M. de La Rochefoucauld le prit sur un autre ton, en courtisan avisé. Il lui dit qu'il ne pouvait s'accommoder d'aller, comme les derniers de la cour, demander une place à l'officier qui les distribuait, s'y prendre de bonne heure pour en avoir une bonne, et attendre et se mettre où il plaisait à cet officier de le placer. Là-dessus et tout de suite, le roi lui donna pour sa charge une quatrième place derrière lui, auprès du grand chambellan, en sorte que partout il est ainsi placé: le capitaine des gardes derrière le roi, qui a le grand chambellan à sa droite, et le premier gentilhomme de la chambre à sa gauche, et jamais que ces trois-là jusqu'à cette quatrième que M. de La Rochefoucauld sut tirer sur le temps pour sa charge qui n'en avait point, qui est nouvelle et que le roi fit pour Guitri, tué au passage du Rhin, auquel M. de La Rochefoucauld succéda. M. d'Orléans, premier aumônier, qui a sa place au prie-Dieu, mais point ailleurs, s'était peu à peu accoutumé à se mettre auprès du grand chambellan, et, comme il était fort aimé et honoré, on l'avait laissé faire sans lui dire mot. C'était celle que le roi donna à M. de La Rochefoucauld. M. d'Orléans, qui â force de s'y mettre la voulait croire sienne, fit les hauts cris comme si elle l'eût été, et n'osant se prendre au roi, qui venait de le nommer si gracieusement au cardinalat, se brouilla ouvertement avec M. de La Rochefoucauld, jusqu'alors et de tout temps son ami particulier. Les envieux de sa faveur, qui ne manquent point dans les cours, firent grand bruit, M. le Grand surtout et ses frères. Ils étaient eux et le duc de Coislin, et M. d'Orléans, et le chevalier de Coislin, enfants du frère et de la soeur; ils avaient toujours vécu sur ce pied-là avec eux, et s'étaient surtout piqués d'une grande amitié pour M. d'Orléans. M. le Grand était l'émule de la faveur de M. de La Rochefoucauld, et fort jaloux l'un de l'autre. N'osant aller au roi, ils excitèrent Monsieur dont le chevalier de Lorraine disposait; bref toute la cour se partialisa, et M. d'Orléans l'emporta par le nombre et par la considération des personnes qui se déclarèrent pour lui. Le roi tâcha inutilement de lui faire entendre raison. M. de La Rochefoucauld, vraiment affligé de perdre son amitié, fit fort au delà de ce dont il était ordinairement capable; des amis communs s'entremirent, M. d'Orléans fut inflexible, et quand il vit que tout cet éclat n'aboutissait qu'à du bruit, il s'en alla bouder dans son diocèse.
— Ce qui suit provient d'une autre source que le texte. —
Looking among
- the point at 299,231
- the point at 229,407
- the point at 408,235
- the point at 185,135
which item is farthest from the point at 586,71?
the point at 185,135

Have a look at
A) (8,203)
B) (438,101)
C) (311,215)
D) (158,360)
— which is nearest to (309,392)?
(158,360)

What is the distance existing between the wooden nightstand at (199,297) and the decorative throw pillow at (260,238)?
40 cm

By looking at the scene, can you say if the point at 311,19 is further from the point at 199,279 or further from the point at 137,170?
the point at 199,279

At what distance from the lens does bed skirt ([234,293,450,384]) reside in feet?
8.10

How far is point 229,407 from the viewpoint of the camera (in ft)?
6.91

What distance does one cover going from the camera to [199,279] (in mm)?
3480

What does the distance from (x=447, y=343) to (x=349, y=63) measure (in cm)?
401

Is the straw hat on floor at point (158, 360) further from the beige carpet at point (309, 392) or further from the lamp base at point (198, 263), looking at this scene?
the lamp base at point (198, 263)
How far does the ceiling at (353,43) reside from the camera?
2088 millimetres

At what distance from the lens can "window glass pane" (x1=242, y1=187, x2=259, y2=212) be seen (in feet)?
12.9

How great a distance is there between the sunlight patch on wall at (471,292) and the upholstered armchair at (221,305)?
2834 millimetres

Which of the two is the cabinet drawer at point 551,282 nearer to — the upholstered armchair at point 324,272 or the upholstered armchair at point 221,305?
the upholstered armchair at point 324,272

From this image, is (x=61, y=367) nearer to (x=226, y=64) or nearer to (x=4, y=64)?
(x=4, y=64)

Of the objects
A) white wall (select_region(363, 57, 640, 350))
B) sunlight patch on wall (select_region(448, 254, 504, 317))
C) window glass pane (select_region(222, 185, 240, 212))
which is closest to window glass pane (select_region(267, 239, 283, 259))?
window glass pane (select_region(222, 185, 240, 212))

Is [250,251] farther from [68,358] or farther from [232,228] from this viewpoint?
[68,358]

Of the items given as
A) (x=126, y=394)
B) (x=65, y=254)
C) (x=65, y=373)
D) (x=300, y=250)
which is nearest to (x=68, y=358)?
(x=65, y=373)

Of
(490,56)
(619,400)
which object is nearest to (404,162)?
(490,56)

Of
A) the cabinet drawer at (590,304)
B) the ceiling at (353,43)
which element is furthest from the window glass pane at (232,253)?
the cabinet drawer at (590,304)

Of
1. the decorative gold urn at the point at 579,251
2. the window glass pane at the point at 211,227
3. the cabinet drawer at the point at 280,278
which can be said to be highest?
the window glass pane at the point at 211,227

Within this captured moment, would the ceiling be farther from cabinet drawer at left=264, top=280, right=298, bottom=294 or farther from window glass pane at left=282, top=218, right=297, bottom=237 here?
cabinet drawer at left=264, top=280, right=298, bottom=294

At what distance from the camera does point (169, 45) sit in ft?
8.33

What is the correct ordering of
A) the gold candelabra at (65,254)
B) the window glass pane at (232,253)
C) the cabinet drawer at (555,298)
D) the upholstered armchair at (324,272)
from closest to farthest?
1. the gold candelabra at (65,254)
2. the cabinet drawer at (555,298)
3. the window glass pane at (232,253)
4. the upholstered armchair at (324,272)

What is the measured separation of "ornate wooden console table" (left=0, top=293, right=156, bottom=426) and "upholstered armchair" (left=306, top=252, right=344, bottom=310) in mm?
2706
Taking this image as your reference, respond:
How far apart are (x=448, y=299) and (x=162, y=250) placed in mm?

Le public perdit bientôt après un homme illustre par son esprit, par son style et par la connaissance des hommes, je veux dire La Bruyère, qui mourut d'apoplexie, à Versailles, après avoir surpassé Théophraste en travaillant d'après lui, et avoir peint les hommes de notre temps dans ses Nouveaux Caractères d'une manière inimitable. C'était d'ailleurs un fort honnête homme, de très bonne compagnie, simple, sans rien de pédant et fort désintéressé; je l'avoir assez connu pour le regretter, et les ouvrages que son âge et sa santé pouvaient faire espérer de lui.

Daquin, ci-devant premier médecin du roi, ne put survivre longtemps à sa disgrâce; il alla chercher à prolonger ses jours à Vichy, et y mourut en arrivant, et avec lui sa famille qui retomba dans le néant.

L'Espagne perdit la reine mère, d'un cancer; c'était une méchante et malhabile femme, toujours gouvernée par quelqu'un, qui remplit de troubles la minorité du roi son fils. Don Juan d'Autriche lui arracha le fameux Vasconcellos, puis le jésuite Nitard son confesseur, qu'elle consola par l'ambassade d'Espagne à Rome, n'étant que simple jésuite, et le fit cardinal après, mais sans avoir pu le rapprocher d'elle. Elle régna avec plus de tranquillité sous le nom de son fils, devenu majeur, et rendit fort malheureuse la fille de Monsieur que ce prince avait épousée. À la fin son mauvais gouvernement et plus encore son humeur altière, qui lui avait aliéné toute la cour, refroidit le roi pour elle, sur qui elle l'exerçait avec peu de ménagement, et elle alla passer ses dernières années dans un palais particulier dans Madrid, peu comptée et peu considérée. Elle haïssait extrêmement la France et les Français. Elle était soeur de l'empereur et seconde femme de Philippe IV, qui de sa première femme, fille d'Henri IV, avait eu notre reine Marie-Thérèse, en sorte que le roi en drapa pour un an sans regret.